■ GIVEN DATA ■
────────────────
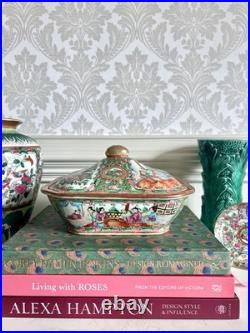 Chinese Rose Medallion Tureen Porcelain Chinoiserie Floral Gold Gilt Chinese Rose Medallion Tureen Porcelain Chinoiserie Floral Gold Gilt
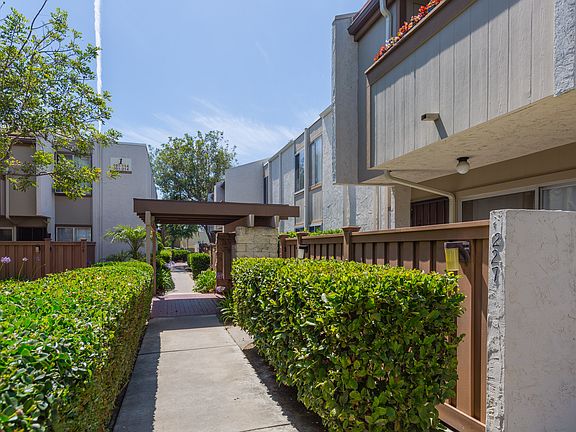 3rd image of 3549 Castle Glen Dr Unit 127
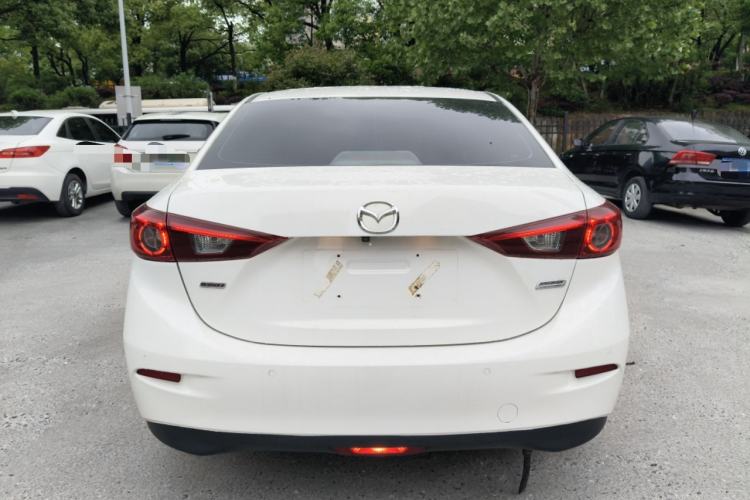 Used Mazda 3 Axela 2017 Sedan 1.5L Automatic Luxury Model China VI Standard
────────────────
■ WORK TO COMPLETE ■
From the material above, reproduce everything verbatim except the pictures.

■ THE ANSWER ■
 Chinese Rose Medallion Tureen Porcelain Chinoiserie Floral Gold Gilt Chinese Rose Medallion Tureen Porcelain Chinoiserie Floral Gold Gilt
 3rd image of 3549 Castle Glen Dr Unit 127
 Used Mazda 3 Axela 2017 Sedan 1.5L Automatic Luxury Model China VI Standard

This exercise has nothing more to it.